JavaScript is required for this website to work.
Multicultuur & samenleven

Der ewige Judenhaß

Oude sentimenten werken lang door

Klaas Cobbaut14/7/2014Leestijd 5 minuten

Gaza ligt onder vuur, en Israël ook. In al onze kritiek op Israël moeten we oppassen voor een heel oud sentiment dat sinds eeuwen ingebakken zit in het Europese onderbewustzijn: antisemitisme.

Aangeboden door de abonnees van Doorbraak

Dit gratis artikel wordt u aangeboden door onze betalende abonnees. Als abonnee kan u ook alle plus-artikelen lezen. Doorbreek de bubbel vanaf €4.99/maand.

Ik neem ook een abonnement

Eerst en vooral: dit is geen apologie voor Israël. Een zoektocht naar een eventuele antisemitische ondertoon in de kritiek op Israël is niet hetzelfde als een excuus voor elke daad van Israël. Dat zou een overbodige caveat moeten zijn, maar dat is het niet. In elke discussie over het Israëlisch-Palestijnse conflict wordt een poging tot begrip en empathie voor Israël al snel begrepen als extreem zionisme, of nog erger.

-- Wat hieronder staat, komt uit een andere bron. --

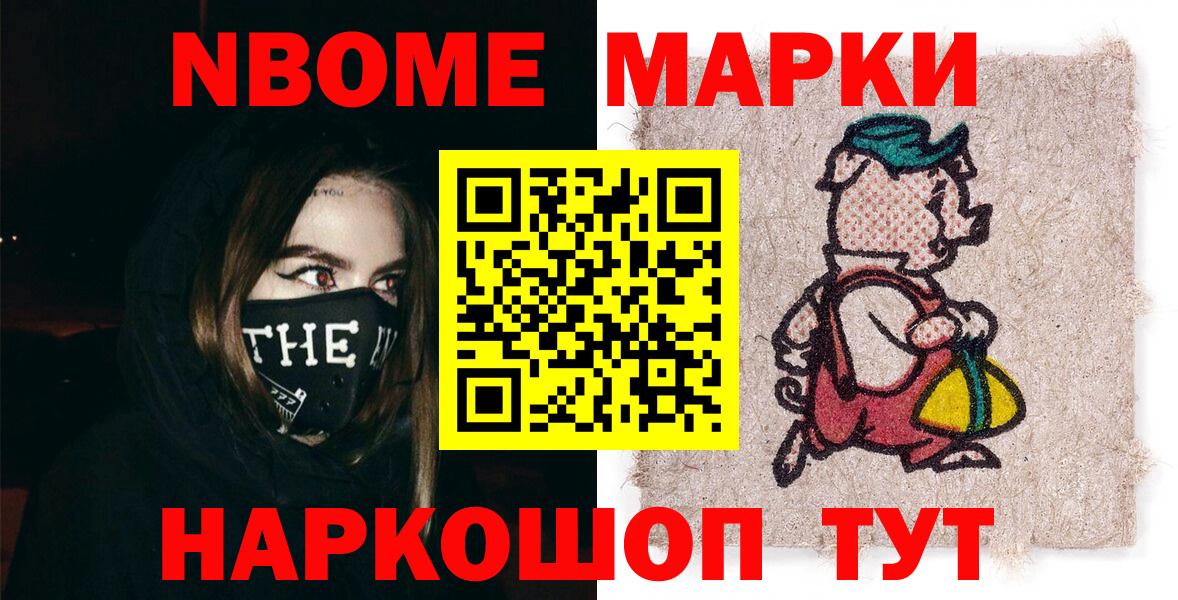 Марки N-bome 1500мкг Ростов Великий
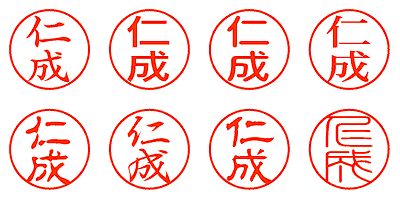 仁成 - シャチハタ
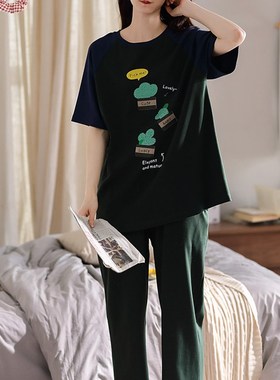 速发ArUEDO SumT Fashio Grie Selk Pa Sets  Wo 100%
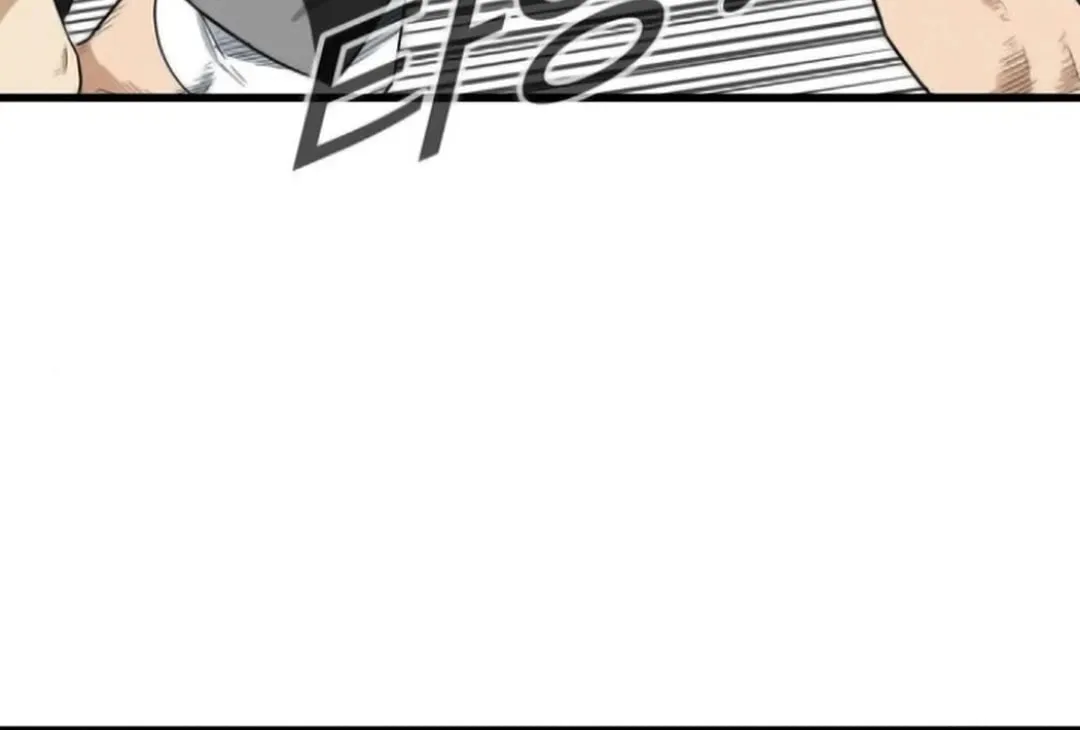 Upset Chapter 5 page 116 - 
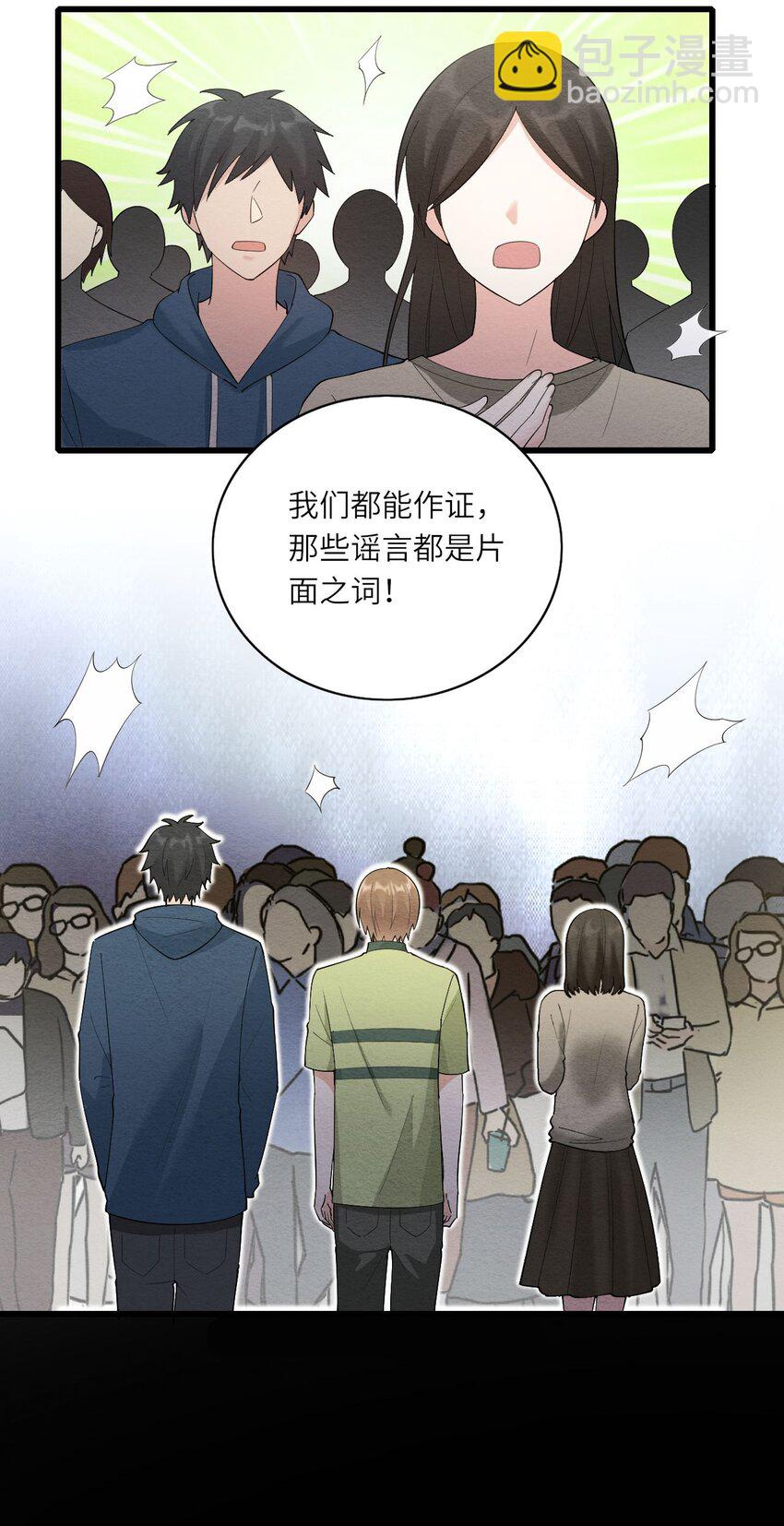 075 落幕-第76话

Dat is een eenzijdige reflex, want begrip opbrengen voor zelfs de misdaden van Hamas wordt wél normaal bevonden.

De sterke, vaak emotionele afkeer voor Israël hoeft natuurlijk nog geen antisemitisme te zijn. Het is zeker niet zo dat elke kritiek op Israël (of steun aan de Palestijnse zaak) een bewijs is van jodenhaat. Sommigen in het Israël-kamp wekken nog te vaak de indruk dat er geen onderscheid bestaat tussen terechte kritiek op Israël en antisemitisme. Die houding is zeer betreurenswaardig en maakt het moeilijker om een normale discussie te hebben over antisemitische gevoelens in sommige kritiek van sommige mensen. Of te zoeken naar een onbedoelde en onbewuste antisemitische grondslag in onze manier van kijken naar Israël, zoals hier de bedoeling is.

Als de Vlaamse mediaberichtgeving meestal getuigt van sympathie voor het Palestijnse kamp, dan heeft dat in de eerste plaats te maken met de beeldtaal van het Israëlisch-Palestijnse conflict. In ons collectieve wereldbeeld associëren we het conflict sterk met één iconisch beeld: een groepje Palestijnse jongetjes – ongeveer twaalf jaar – die met stenen smijten naar een gepantserde tank. Dat tafereel vertoont dan weer gelijkenissen met het cultureel sterk verankerde plaatje van David tegen Goliath. Het technologisch geavanceerde en uiterst professionele leger van Israël vervelt zo al snel tot de Bijbelse horde der Filistijnen. Onze sympathie verschuift dan automatisch naar de underdog.

Basisempathie

Toch lijkt er meer aan de hand. Het is bijvoorbeeld opvallend dat zowat niemand in Vlaanderen de moeite neemt om psychologisch begrip te zoeken voor Israël. Eigenlijk wordt het Israëlisch optreden alleen gekaderd in militaire termen (de raketten die vandaag worden afgevuurd) en nooit in psychologische termen (de aanvallen die de Israëli’s al eeuwen moeten verduren). Dit manco in de nochtans uitgebreide berichtgeving en duiding is frappant, omdat Israël natuurlijk niet begrepen kan worden zonder zijn geschiedenis. Met de Shoah (1938-1945), de Onafhankelijkheidsoorlog (1948) en de Jom Kipoeroorlog (1973) hebben joodse Israëli’s drie serieuze vernietigingsoorlogen vers in het geheugen.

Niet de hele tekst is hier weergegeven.